If Jesus had just tried to fit in better, if he’d just gone along, if
he’d just compromised with the Pharisees and the Sadducees, things would’ve
been so much easier for him. He probably could even have avoided his
death.
I don’t know whether Jesus felt the temptation to go along,
to fit in. But if he did, he had the courage to resist it. He had
that courage because he knew it was coming, just as we know it could be coming.
And because Jesus knew it was coming, Jesus was ready for it.
So let’s look at the specific examples. In the
question about taxes, he knew it was not an honest question. So he did
not treat it as one. He knew the person asking did not want his opinion,
but was just trying to start an argument. No matter what he said they
were going to disagree. So he did not fall into the trap.
There’s a lesson for us right there. If we really
live our faith out, if we really are different, people are going to have
questions. And that’s okay. We should welcome honest questions.
But we need to know when someone is asking an honest question, and when
someone is just trying to start an argument. Jesus would answer honest
questions as long as people wanted to ask them. We should, too. But
you and I should not fall into a trap when someone just wants to start an
argument. It’s not going to help.
In the question about marriage at the resurrection, the
Sadducees tried to set up a false premise. And Jesus refused to accept
it. There’s a lesson for us, too. People will try to do that, too.
“If God loves you, why did you get sick?” “If God loves you, why
did you lose your job?” If God loves us, why does God not make it rain?” The
false premise is that if God loves us nothing bad should never happen to us.
That’s never been true.
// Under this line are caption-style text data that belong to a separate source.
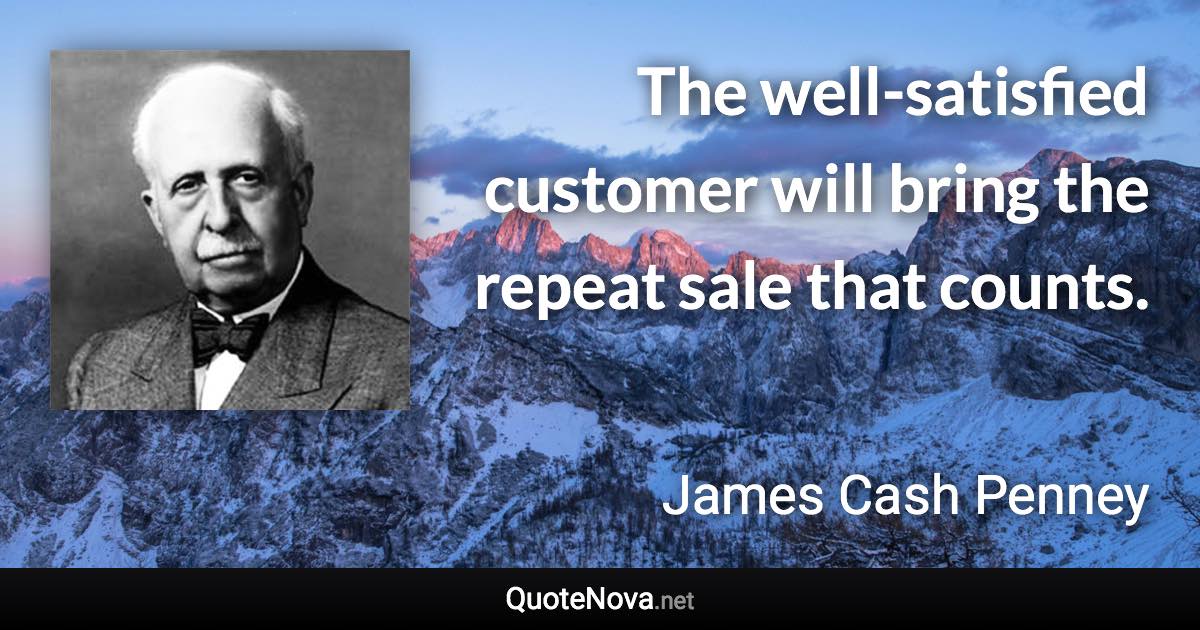 The well-satisfied customer will bring the repeat sale that counts. - James Cash Penney quote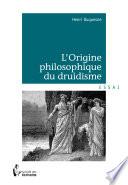 L'Origine philosophique du druidisme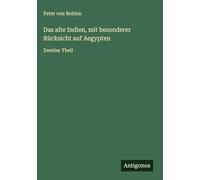 Das alte Indien, mit besonderer Rücksicht auf Aegypten: Zweiter Theil
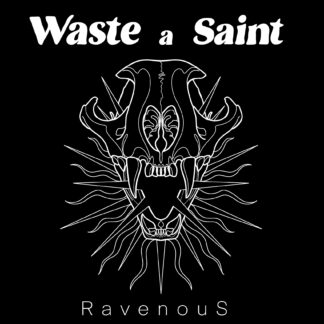 Waste a Saint - Ravenous [LP]
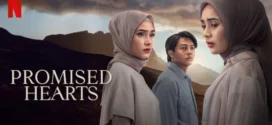 Promised Hearts (2025) Indonesian NetFlix WEB-DL H264 AAC 1080p 720p 480p ESub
The greatest heroes of the Bible had all
kinds of bad things happen to them. But they kept the faith and were
ultimately rewarded for it. So will we be. So when someone sets up
a false premise, you and I should not accept it. We should challenge it.
That’s two principles we can learn from Jesus. Here’s
a third: don’t get bogged down in insignificant details. Stick with
the basic principles. Jesus was asked about the greatest commandment in
the law. There were any number of commandments he could’ve chosen from.
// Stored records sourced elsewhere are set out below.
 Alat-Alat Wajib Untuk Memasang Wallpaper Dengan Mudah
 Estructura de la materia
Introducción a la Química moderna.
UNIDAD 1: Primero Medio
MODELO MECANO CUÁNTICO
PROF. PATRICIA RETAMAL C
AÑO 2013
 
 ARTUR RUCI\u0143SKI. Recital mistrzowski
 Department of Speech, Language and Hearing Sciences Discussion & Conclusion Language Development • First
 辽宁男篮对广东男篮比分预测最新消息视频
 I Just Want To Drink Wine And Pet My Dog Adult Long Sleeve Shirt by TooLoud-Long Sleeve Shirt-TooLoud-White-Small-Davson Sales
Some of them were pretty detailed, and some of them were considered
pretty important. But Jesus went to the basics, to the first principles.
Love God and love your neighbor. That’s what you and I need to do,
too. Don’t get hung up on every last detail. Stick to the basic
principles.
And there’s one more principle we can learn from Jesus, and
that is not to be defensive about our faith. After they’d asked Jesus all
these questions, Jesus turned around and asked them a question. And when
they gave the answer he expected, he turned things around on them.
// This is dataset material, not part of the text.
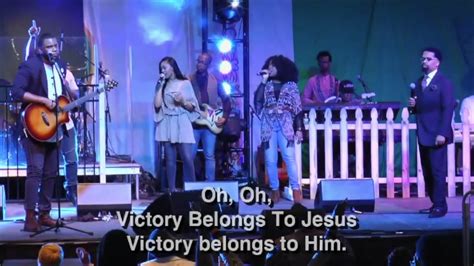 Victory Belongs To Jesus Youtube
Too often, as Christians, we start to feel like we need to
be defensive about our faith. We don’t. I’m not saying we should be
obnoxious about it. We should not go around pointing fingers in people’s
faces or anything. But we don’t need to be defensive about our faith,
either. We don’t need to try to hide it or keep it a secret. We can
and should be upfront, open, and honest about what we believe and why we
believe it. Our Christian faith is not something to be ashamed of.
It’s something to be proud of. If we’re proud of our faith, we
should act like we are.
Following Jesus, having the kind of full and complete faith
that we’ve been talking about, is not always going to make us popular.
It’s going to make us different. And again, it takes courage to be
different. There will always be people who tempt us to go along, to fit
in, to go back to the way we used to be. There will always be people who
want us to compromise our faith. And sometimes it’s very tempting to do
that.
Jesus was able to resist the
temptation to compromise. He had the courage to be different. He
had that courage knowing full well where it would lead him--to the cross.
You and I can resist the temptation to compromise, too. We can dare
to be different for Jesus. We can be open, honest, and proud of our
faith. We may not always know where it will lead us. But we know
that, if we follow Jesus, we’ll always be going in the right direction.